=== Begin Enclosure ===

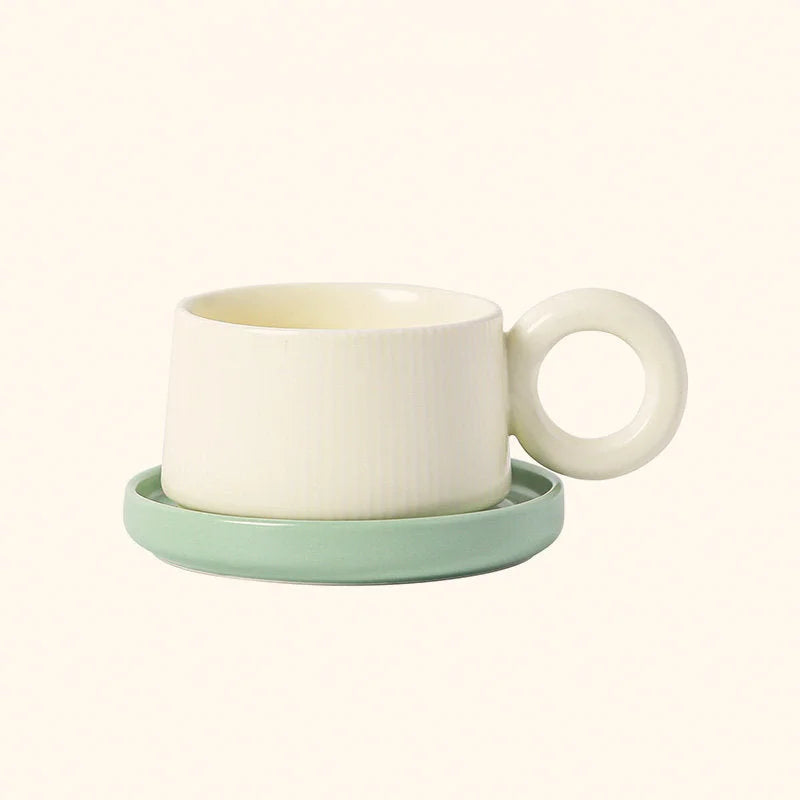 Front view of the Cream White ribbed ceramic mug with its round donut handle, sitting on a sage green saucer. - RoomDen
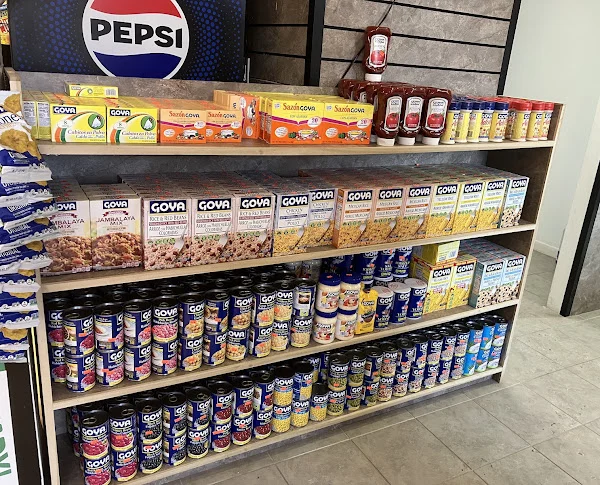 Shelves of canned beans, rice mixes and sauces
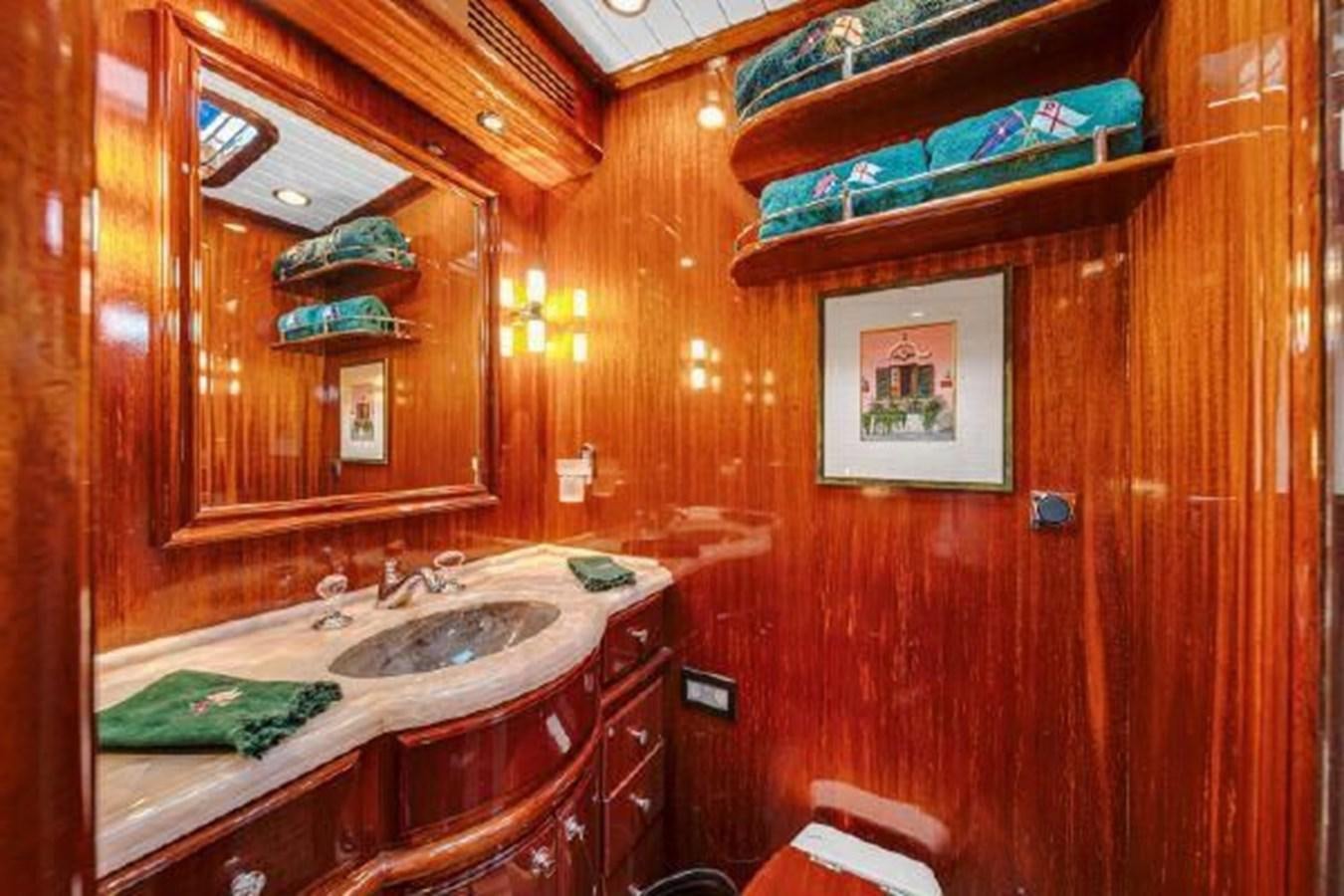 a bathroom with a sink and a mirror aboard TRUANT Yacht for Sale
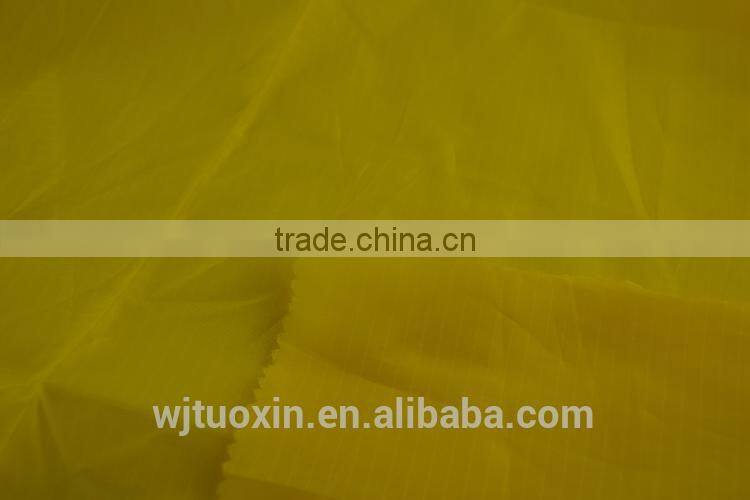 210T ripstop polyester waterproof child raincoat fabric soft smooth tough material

=== End Enclosure ===

TASK DIRECTIONS:
Excluding the images, copy all of the material above verbatim.

TASK SOLUTION:
 Front view of the Cream White ribbed ceramic mug with its round donut handle, sitting on a sage green saucer. - RoomDen
 Shelves of canned beans, rice mixes and sauces
 a bathroom with a sink and a mirror aboard TRUANT Yacht for Sale
 210T ripstop polyester waterproof child raincoat fabric soft smooth tough material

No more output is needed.